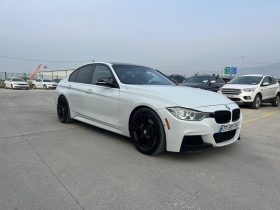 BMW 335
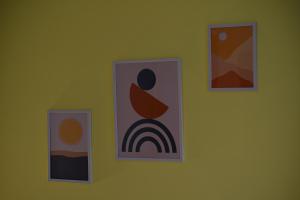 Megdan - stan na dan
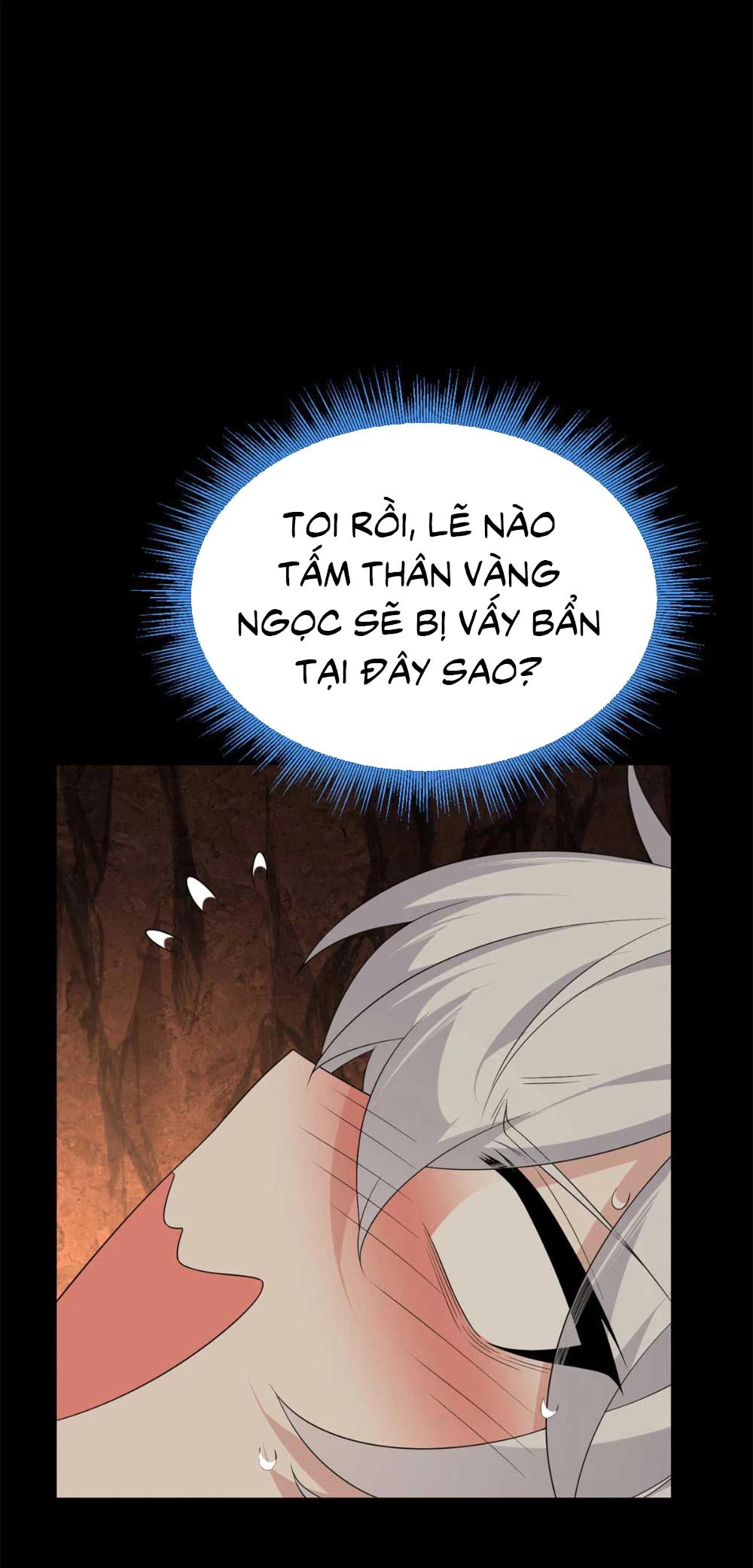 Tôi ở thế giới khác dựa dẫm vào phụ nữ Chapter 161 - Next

++++++++++++++++++++

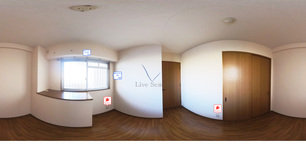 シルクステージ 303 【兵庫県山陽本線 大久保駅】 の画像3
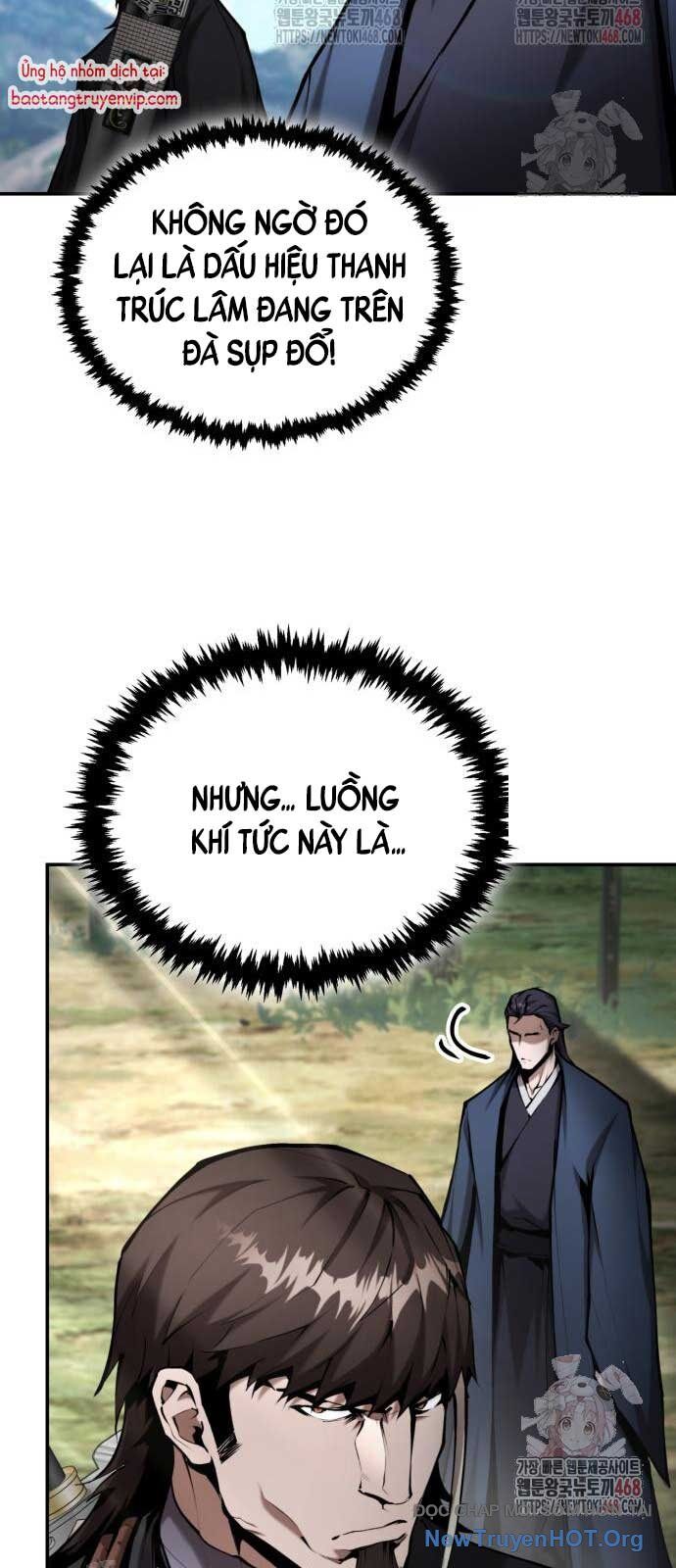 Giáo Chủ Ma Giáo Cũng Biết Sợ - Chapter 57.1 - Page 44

++++++++++++++++++++

_The problem_
Using the records above, print exactly the lines between the ones containing "シルクステージ 303 【兵庫県山陽本線 大久保駅】 の画像3" and "Giáo Chủ Ma", inclusive, and nothing else; no pictures.

_Exercise result_
 シルクステージ 303 【兵庫県山陽本線 大久保駅】 の画像3
 Giáo Chủ Ma Giáo Cũng Biết Sợ - Chapter 57.1 - Page 44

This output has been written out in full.